- [Problem to work on]
Give back the lines below exactly, but do not include any pictures.

- [Source data]
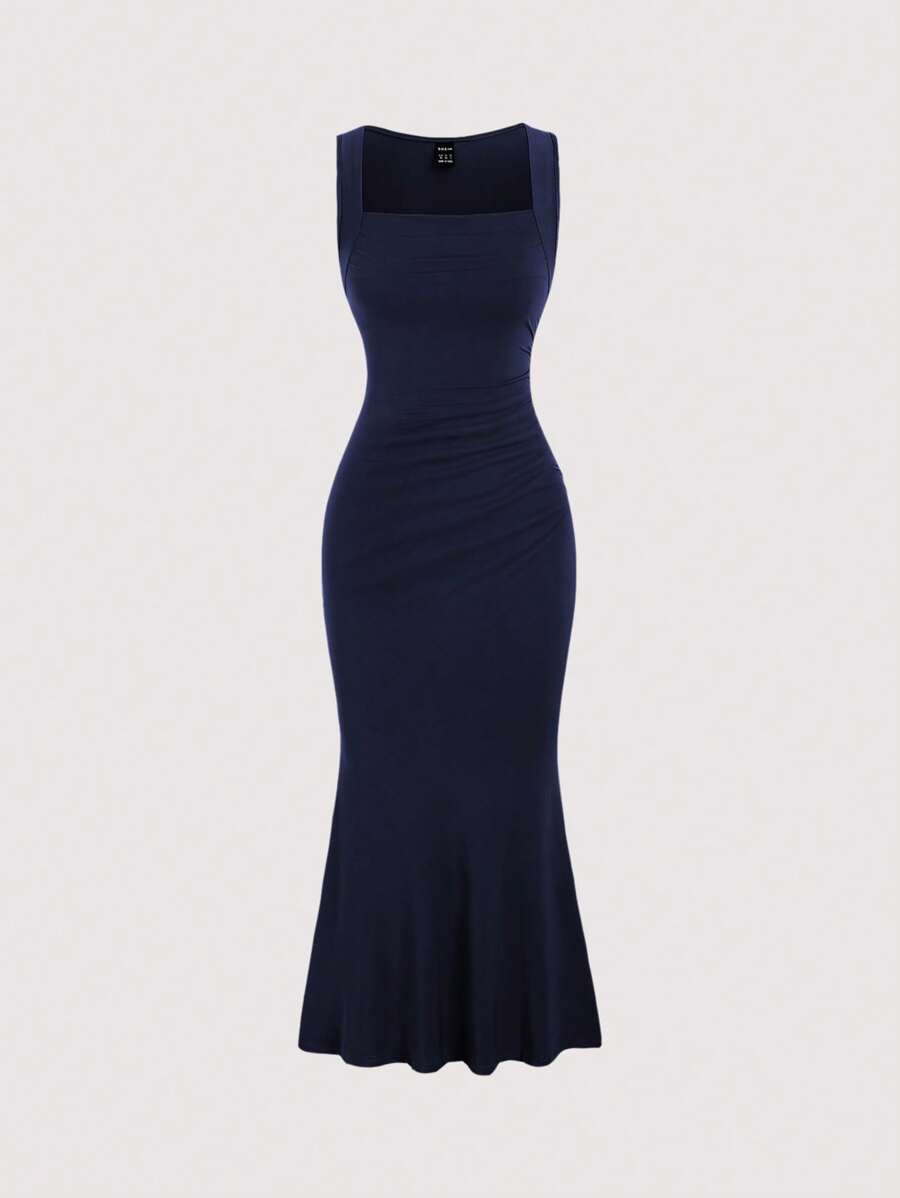 Sweetra Women'S Square Neck Pleated Sleeveless Dress Burgundy Maxi Women Outfit - Navy Blue - View 1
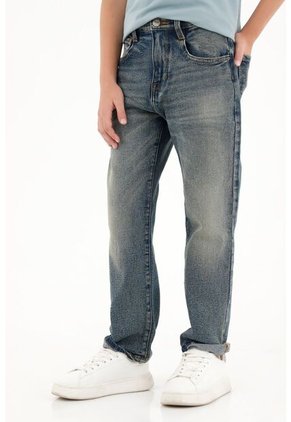 Jean Recto Tono Azul Tiro Medio Para Niño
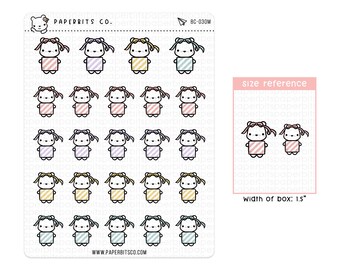 Bear Character - Striped Gift Costume (BC-030) - 1 Sticker Sheet // For Planners and Bullet Journals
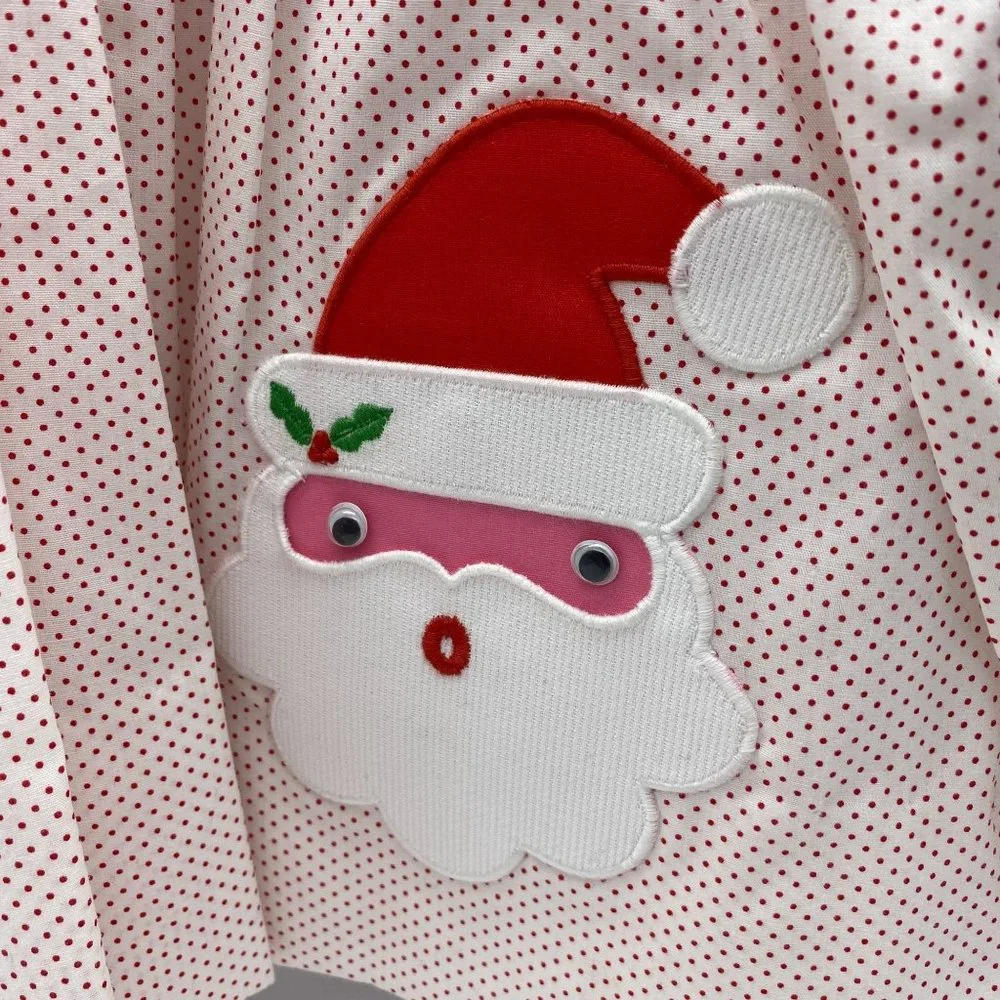 Vintage Girls Christmas swing top size 12M NOS Santa Claus patch Polka dot Her M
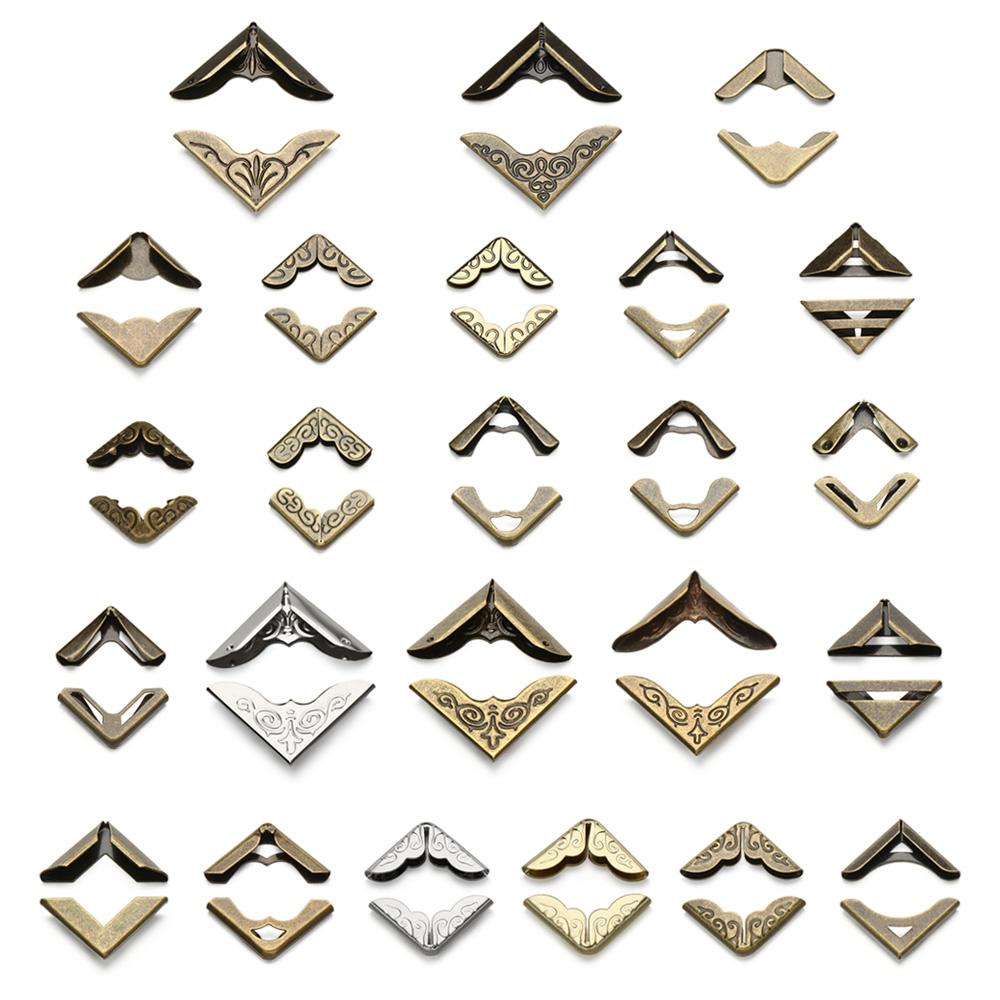 4Pcs Retro Cover Menus Decoration Book Corner Protector Scrapbook Accessories Photo Albums Metal Corners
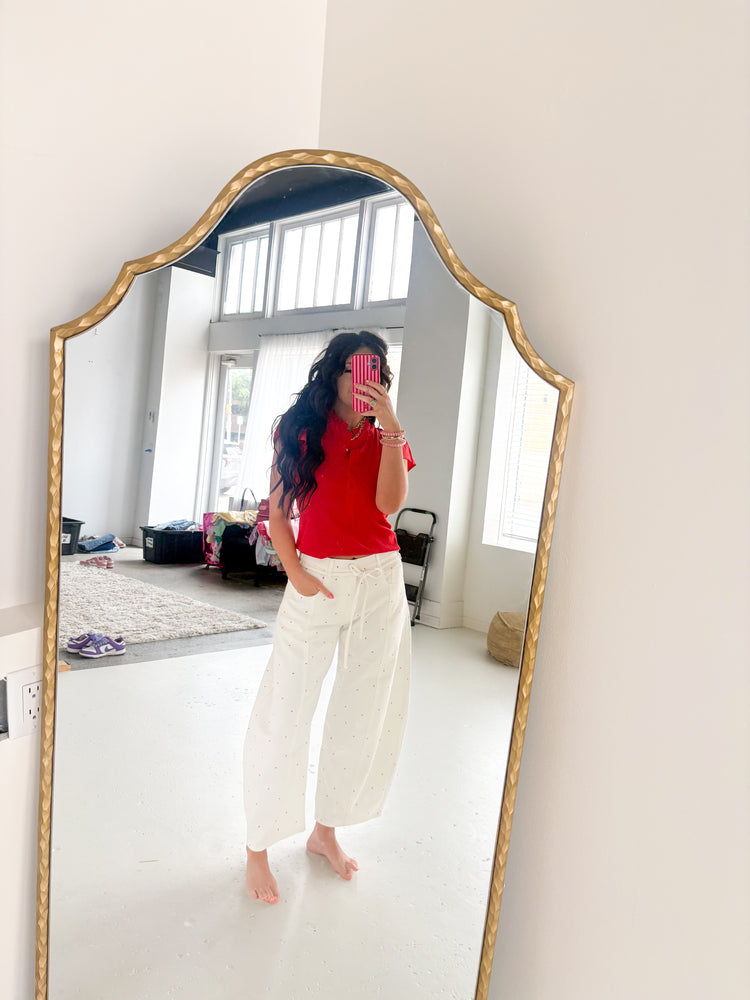 RED FITTED TOP-8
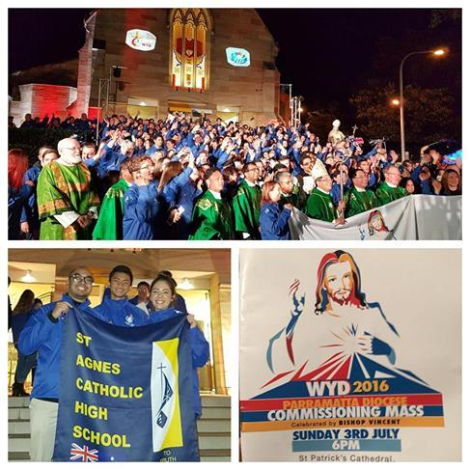 wyd Compilation. There are photos of St Agnes team with the school flag, celebrations, prayer, etc.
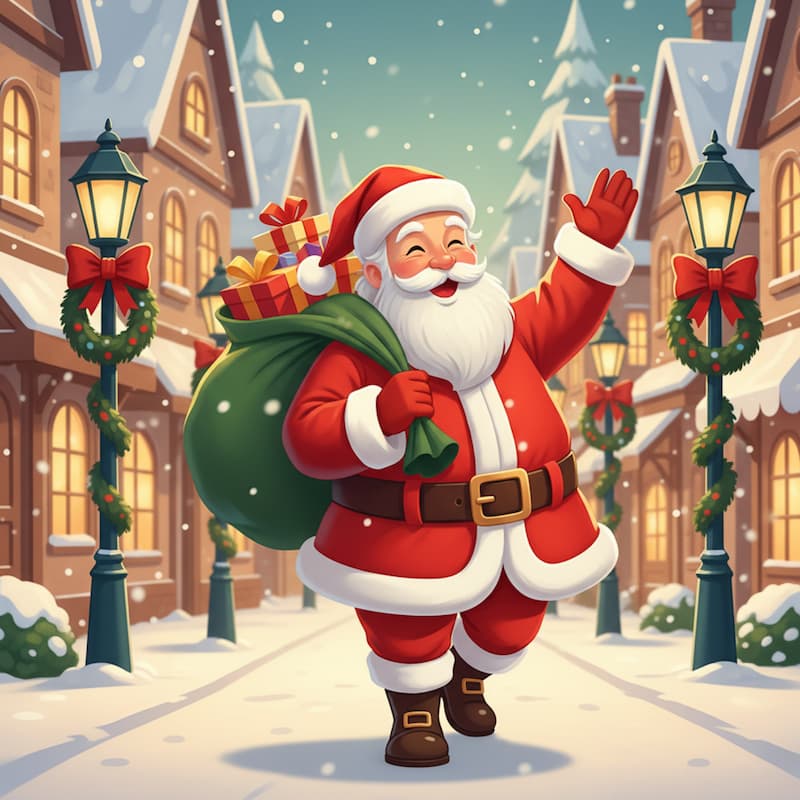 Illustration of Santa Claus in a snowy village street with decorated lampposts and houses.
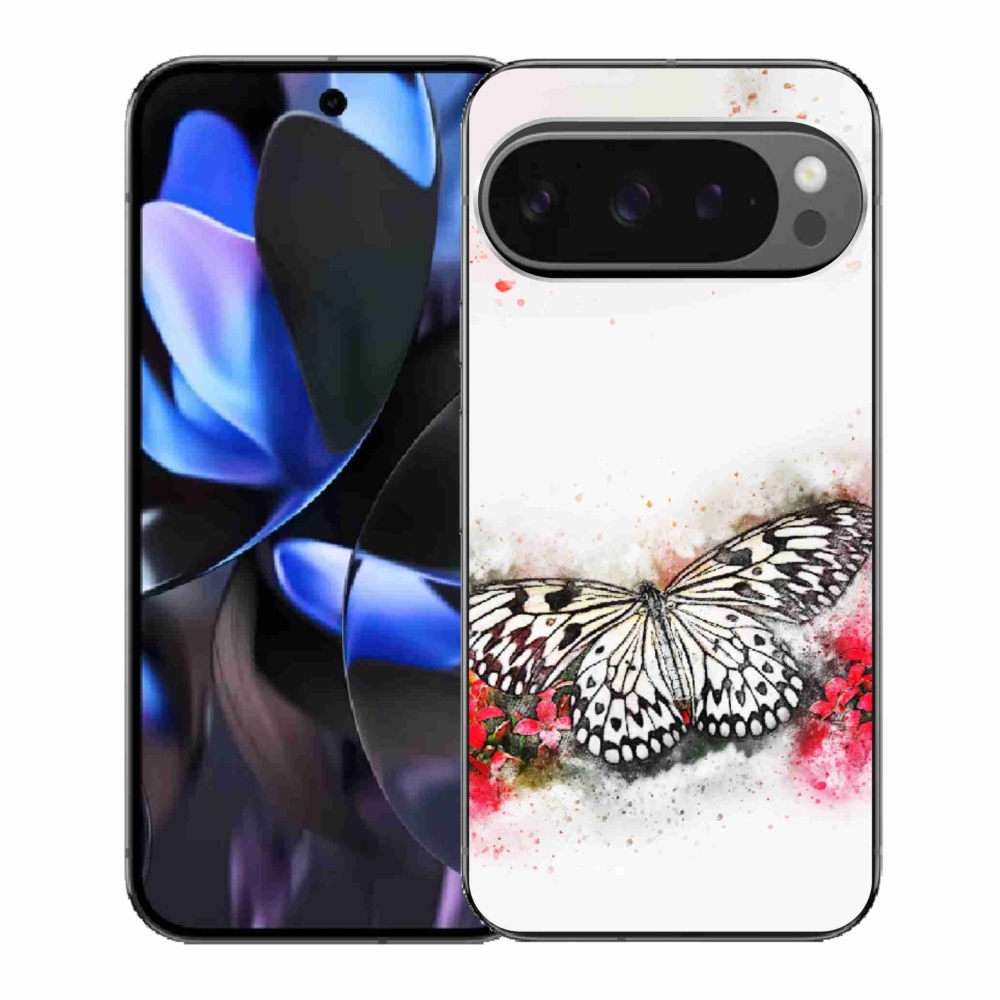 Zselés borítás mmCase a Google Pixel 9 Pro számára - fekete-fehér pillangó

- [Problem solution]
 Sweetra Women'S Square Neck Pleated Sleeveless Dress Burgundy Maxi Women Outfit - Navy Blue - View 1
 Jean Recto Tono Azul Tiro Medio Para Niño
 Bear Character - Striped Gift Costume (BC-030) - 1 Sticker Sheet // For Planners and Bullet Journals
 Vintage Girls Christmas swing top size 12M NOS Santa Claus patch Polka dot Her M
 4Pcs Retro Cover Menus Decoration Book Corner Protector Scrapbook Accessories Photo Albums Metal Corners
 RED FITTED TOP-8
 wyd Compilation. There are photos of St Agnes team with the school flag, celebrations, prayer, etc.
 Illustration of Santa Claus in a snowy village street with decorated lampposts and houses.
 Zselés borítás mmCase a Google Pixel 9 Pro számára - fekete-fehér pillangó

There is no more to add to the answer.